Clayton Kershaw Rumors
Ryan Braun's $105MM, five-year contract extension through 2020 seemed like it came out of nowhere, but a ton of other young stars also appear to be in line for new deals, writes Jon Heyman of Sports Illustrated. Heyman runs down the 20-somethings that could get hefty contract extensions and touches on a few other things in today's column..
- Giants ace Tim Lincecum won't be a free agent until after the 2013 season, but San Francisco would be wise to lock him up before his arbitration numbers get out of hand. A third Cy Young season could potentially bring Lincecum from $14MM into the $25MM range and possibly to $30MM in '13. Heyman expects a deal to get done, even if it costs the club a fortune. MLBTR's Tim Dierkes touched on the Lincecum situation here and here, and will have much more on the topic next week.
- Similarly, there's no reason to think the Yankees would let Robinson Cano leave in the prime of his career. The Bombers have options for 2012 and '13 at $14MM and $15MM, respectively, and will obviously exercise them. Look for the Yanks to get a deal done with the second baseman, but only after the Scott Boras client files for free agency.
- Reds slugger Joey Votto will hit the open market after 2013 and it would be wise for the club to lock him up as the youngster continues to improve. This winter he signed a three-year, $38MM to take care of his arbitration years, but his rate will presumably rise after that deal is up. Heyman believes that the Reds will lock up Votto, just as they did with Jay Bruce. This winter, Cincinnati signed the right fielder to a six-year, $51MM deal.
- Even though the Marlins' poor attendance would seem to indicate that the club doesn't have the funds to sign Josh Johnson to a new deal, they are on their way to a brand-new facility in the near future. Putting that aside, they're still in the black. His $39MM, four-year deal goes through 2013 but his next contract should easily top that.
- If you're a Halos fan looking to purchase a Jered Weaver jersey, you may want to reconsider. Heyman writes that the right-hander is all but a goner in two years. Agent Scott Boras is talking his client up and the Angels don't have a history of keeping their top free agents anyway. It's possible that the next Dodgers owner, assuming there is one, could talk the Simi Valley product into a homecoming.
- It may come as a surprise to some, but Heyman predicts that Andre Ethier will remain with the Dodgers beyond 2012. GM Ned Colletti is believed to want to lock up Ethier along with Matt Kemp and Clayton Kershaw. Even though the Dodgers' situation is probably too messy for anything to get done right away, they have to act fast to keep the 29-year-old.
- You can also expect the Dodgers to work something out with Kemp, who is also a free agent after 2012.
- Of the 33 players that Heyman profiles, he expects most to get new deals done with their respective clubs. Some of the players that we may see elsewhere: John Danks, Shin Soo-Choo, Jonathan Sanchez, Justin Morneau, Grady Sizemore, and Shaun Marcum.

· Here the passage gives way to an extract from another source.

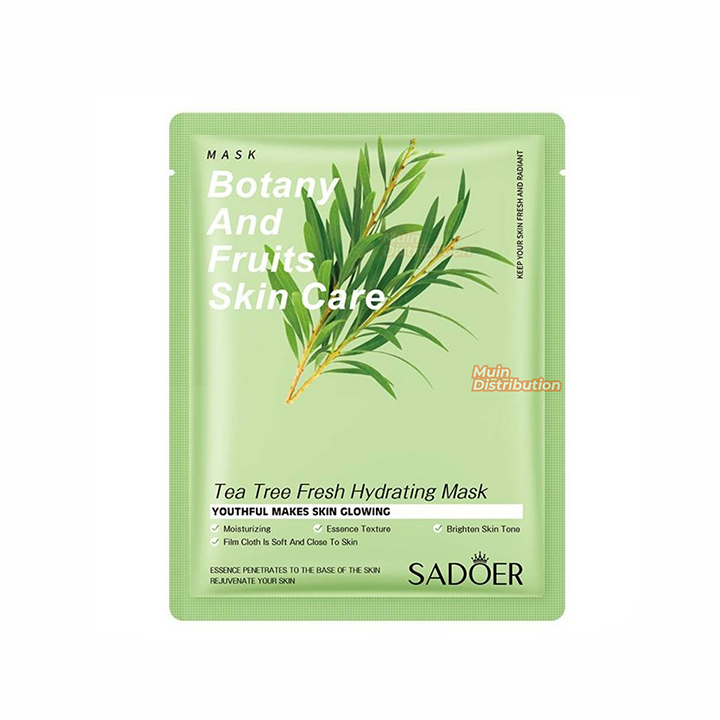 Picture of SADOER Botany And Fruits Facial Mask Tea Tree Freshen Hydrating Sheet Mask - 1Pcs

- TV magnate Burt Sugarman is one name believed to be in the mix among potential buyers of the Dodgers. Investment banker Jason Reese and billionaire Ron Burkle are also in the mix. Burkle is teaming with former Dodgers great Steve Garvey.
C.J. Wilson, Mark Buehrle and (possibly) C.C. Sabathia aren’t the only left-handed starters pitching for contracts in 2011. Sure, they’re the ones hitting free agency, but this season is an important one for the bank accounts of David Price and Clayton Kershaw, too.
No, they aren’t eligible for free agency, but they are nearing salary arbitration, their first chance for a major payday since signing seven-figure bonuses as first round picks. Various agents and arbitration experts around MLB say they expect the southpaws to redefine the market for first-time arbitration eligible starters this offseason if they stay healthy and continue pitching well.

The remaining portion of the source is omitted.